IMO the only way this will change is when new companies will challenge existing big guys. I think AI will help achieve this (e.g. agentic e-commerce challenging the existing players), but it will take time.
cdavid
·3 mesi fa·discuss
fair, somebody else clarified already !
cdavid
·3 mesi fa·discuss
Indeed. I would add a third factor to compute and datasets: the lego-like aspect of NN that enabled scalable OSS DL frameworks.
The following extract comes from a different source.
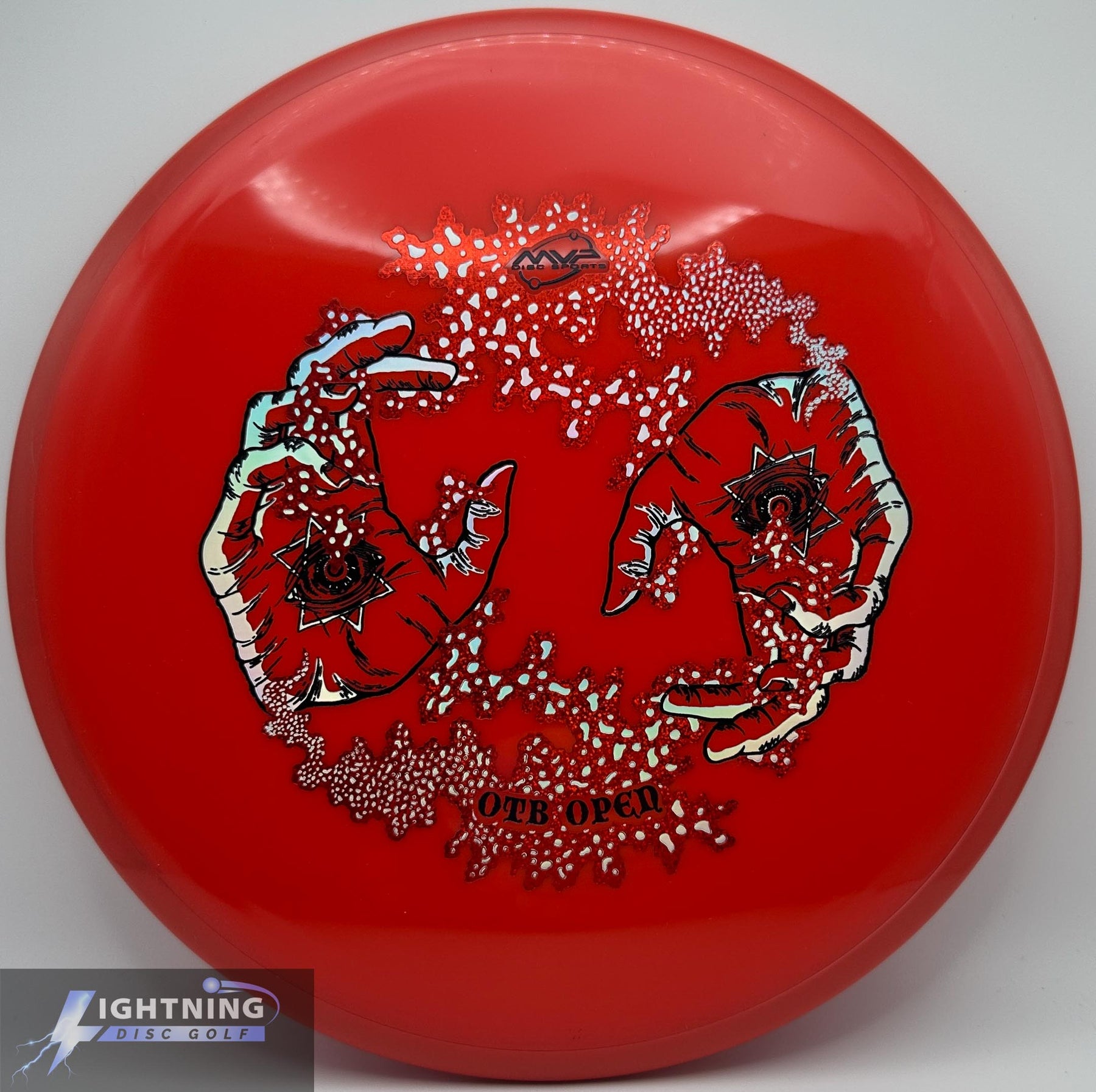 Axiom Neutron Soft Hex - 2023 OTB Open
I did some ML in mid 2000s, and it was a PITA to reuse other people code (when available at all). You had some well known libraries for SVM, for HMM you had to use HTK that had a weird license, and otherwise looking at experiments required you to reimplement stuff yourself.

Late 2000s had a lot of practical innovation that democratized ML: theano and then tf/keras/pytorch for DL, scikit learn for ML, etc. That ended up being important because you need a lot of tricks to make this work on top of "textbook" implementation. E.g. if you implement EM algo for GMM, you need to do it in the log space to avoid underflow, DL as well (gorot and co initialization, etc.).
cdavid
·3 mesi fa·discuss
Also one of the initial creator of haproxy, a well known reverse proxy. To imply somebody like as a simple "AI shill" is just ignorant.
cdavid
·3 mesi fa·discuss
I agree. It is difficult to convince leadership to do this work at all ("it works on my example, ship it"), and in my experience most DS don't even want to do it.

One of the key value is that it forces some thinking about what is the task you want to solve in the first place. In many cases, it is difficult if not impossible to do it, which implies the underlying product should not be built at all. But nobody wants to hear that.

Doing eval only makes sense if making the product better impacts something the business cares about, which is very difficult to do in practice.
cdavid
·4 mesi fa·discuss
The typical solution is to work in one of the "global" (aka American) companies in Japan: google, amz, apple, ms, etc. At least for now there are enough jobs across all those companies for motivated foreigners, though that could change.
cdavid
·4 mesi fa·discuss
Yes, this is the real cause, and the OP explanation is just a symptom of that.
cdavid
·6 mesi fa·discuss
My rule of thumb is that management complexity is given by #direct reports x #project, where project is defined as a set of stakeholders (be it PM, etc. depending on business).

Concretely, managing 12 ICs on a well defined platform team w/ a single PM is much easier than managing 6 people working across 6 businesses, as is more common when managing a team of data scientists.